Notes on a Coronation

02 May 2023 4 minute read
Photo National Assembly For Wales / Cynulliad Cymru is licensed under CC

David Llewellyn

I don’t recall the exact year, but I think it may have been around the time that Big Pit, the mine where my grandfather Gordon Gait worked the washeries, was opened to the public as a mining museum.

Whatever the date, the talk in Pontnewynydd, on the main road from Blaenafon to Newport and the M4 was that Charles, Prince of Wales would be driving through our little village, on his way back from some engagement further up the valley.

They started selling little plastic Welsh flags in local shops, and our mums made sure we had one to wave at his Royal Highness as he drove past.

Groveside Villas looks directly down onto the road, so when the day came we were ready and waiting.

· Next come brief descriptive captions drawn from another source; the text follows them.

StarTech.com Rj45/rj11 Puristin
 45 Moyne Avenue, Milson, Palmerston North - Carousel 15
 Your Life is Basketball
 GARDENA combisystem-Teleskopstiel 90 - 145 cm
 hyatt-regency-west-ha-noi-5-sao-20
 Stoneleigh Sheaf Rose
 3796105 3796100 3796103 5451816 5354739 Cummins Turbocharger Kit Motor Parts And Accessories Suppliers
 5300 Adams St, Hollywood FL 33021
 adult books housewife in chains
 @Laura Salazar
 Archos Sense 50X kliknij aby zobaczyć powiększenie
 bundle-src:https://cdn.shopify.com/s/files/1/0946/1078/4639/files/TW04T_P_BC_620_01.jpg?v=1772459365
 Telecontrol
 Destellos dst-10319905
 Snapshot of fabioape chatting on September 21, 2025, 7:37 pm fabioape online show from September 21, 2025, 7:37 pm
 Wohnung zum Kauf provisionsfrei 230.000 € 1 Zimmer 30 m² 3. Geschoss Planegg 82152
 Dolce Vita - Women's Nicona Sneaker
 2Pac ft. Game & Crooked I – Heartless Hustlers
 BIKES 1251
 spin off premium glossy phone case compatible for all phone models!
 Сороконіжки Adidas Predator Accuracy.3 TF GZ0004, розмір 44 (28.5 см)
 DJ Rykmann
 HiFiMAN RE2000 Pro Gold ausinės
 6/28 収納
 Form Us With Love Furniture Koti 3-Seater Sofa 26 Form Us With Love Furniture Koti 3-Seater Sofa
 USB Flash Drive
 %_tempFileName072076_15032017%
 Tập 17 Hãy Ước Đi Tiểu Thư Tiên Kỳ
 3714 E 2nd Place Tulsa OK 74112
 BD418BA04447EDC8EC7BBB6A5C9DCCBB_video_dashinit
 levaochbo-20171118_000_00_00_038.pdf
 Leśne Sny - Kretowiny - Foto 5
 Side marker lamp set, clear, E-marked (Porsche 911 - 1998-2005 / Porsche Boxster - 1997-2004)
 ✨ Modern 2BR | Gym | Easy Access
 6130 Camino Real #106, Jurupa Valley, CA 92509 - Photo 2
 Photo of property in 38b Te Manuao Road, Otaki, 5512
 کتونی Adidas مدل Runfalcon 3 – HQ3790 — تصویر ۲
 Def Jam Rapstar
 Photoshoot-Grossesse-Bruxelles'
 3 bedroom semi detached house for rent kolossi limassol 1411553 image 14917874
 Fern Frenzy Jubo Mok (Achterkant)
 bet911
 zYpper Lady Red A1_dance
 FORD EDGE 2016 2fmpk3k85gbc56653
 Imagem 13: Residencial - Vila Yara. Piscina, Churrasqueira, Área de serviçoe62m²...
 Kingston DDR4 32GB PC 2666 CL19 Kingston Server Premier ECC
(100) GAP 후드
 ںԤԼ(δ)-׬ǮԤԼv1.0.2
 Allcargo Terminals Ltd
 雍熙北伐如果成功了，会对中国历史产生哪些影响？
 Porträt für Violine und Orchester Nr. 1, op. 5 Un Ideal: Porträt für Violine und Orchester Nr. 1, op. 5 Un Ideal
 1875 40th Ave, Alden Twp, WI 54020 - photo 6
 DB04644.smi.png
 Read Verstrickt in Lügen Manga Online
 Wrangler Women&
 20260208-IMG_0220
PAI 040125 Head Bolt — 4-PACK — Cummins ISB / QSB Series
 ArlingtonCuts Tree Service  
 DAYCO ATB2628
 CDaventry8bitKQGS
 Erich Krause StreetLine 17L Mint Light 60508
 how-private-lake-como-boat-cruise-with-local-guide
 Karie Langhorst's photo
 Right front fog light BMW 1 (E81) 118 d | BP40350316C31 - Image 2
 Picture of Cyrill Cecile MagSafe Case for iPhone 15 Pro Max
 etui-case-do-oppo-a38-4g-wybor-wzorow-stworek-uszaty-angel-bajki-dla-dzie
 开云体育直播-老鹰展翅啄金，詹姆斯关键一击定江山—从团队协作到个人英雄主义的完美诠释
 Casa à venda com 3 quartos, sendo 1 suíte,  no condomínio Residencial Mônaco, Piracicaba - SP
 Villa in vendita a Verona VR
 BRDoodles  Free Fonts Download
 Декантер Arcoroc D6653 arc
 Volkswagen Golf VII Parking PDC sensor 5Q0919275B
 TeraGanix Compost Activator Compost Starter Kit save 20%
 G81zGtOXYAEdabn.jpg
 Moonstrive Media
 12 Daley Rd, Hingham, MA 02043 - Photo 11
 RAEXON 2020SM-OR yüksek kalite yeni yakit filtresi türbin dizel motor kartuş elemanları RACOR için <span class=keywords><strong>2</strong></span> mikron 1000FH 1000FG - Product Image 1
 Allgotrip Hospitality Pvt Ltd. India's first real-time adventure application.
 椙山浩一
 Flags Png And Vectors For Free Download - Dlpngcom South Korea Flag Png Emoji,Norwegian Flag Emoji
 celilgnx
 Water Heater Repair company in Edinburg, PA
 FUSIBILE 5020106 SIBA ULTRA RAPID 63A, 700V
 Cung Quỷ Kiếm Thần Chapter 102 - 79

Perhaps he would stop, get out of his limousine and give us all a wave to show his appreciation to the adoring crowds.

When the time came the road was more or less cut off to regular traffic, as it might be for the Pontypool Marathon, and the motorcade zipped past at 40 mph, our plastic flags rustling in the aftermath.

The next time I came close to being in the presence of Charles, Prince of Wales, was when he attended an event at St David’s Hall, and I had to walk around his car to get across the Hayes.

More recently I was in the crowd outside the castle which went on to boo him as he made his first visit to our city as King Charles III.

Spectacle

The Coronation of King Charles III is a fascinating spectacle, especially for those of us who read Barthes and Baudrillard as students, a bizarre post-modern parody of a national event, as remote from the lives of Charles’s subjects as an episode of Downton Abbey.

Witness the recent closure of Cardiff Castle, bequeathed to the people of Cardiff by people of wealth and privilege who used it for the greater good, so that people in Cardiff can watch a 74-year-old man get dabbed with oil by the Archbishop of Canterbury on a big screen.

Meanwhile, our local Tesco is selling plastic Union Jack Bowler Hats, while Sainsbury’s have a display of eyeless cardboard cut-out masks of King Charles and Queen Camilla.

You can’t move in our capital city without seeing cheaply reproduced Union Jacks on the same rickety stalls which sell football scarves on an international day, and every supermarket and fast food outlet from one end of Queen Street is peddling Royal this and coronation that, and if I’ve heard ‘Zadok the Priest’ on the radio once, I’ve heard it a thousand times.

In 1953 my grandparents’ generation rented televisions so that they could watch the Coronation of Queen Elizabeth II. In the post-war world a young Queen represented hope for the future, and she remained a potent symbol of that ethos throughout her record-breaking reign, often regardless of who was in power, or what the country’s fortunes were.

Almost exactly 70 years later her son inherits the throne at a time when the sheen of the monarchy is wearing thin, revealing the dull grey base metal beneath its golden veneer, with support for it dwindling rapidly among younger people.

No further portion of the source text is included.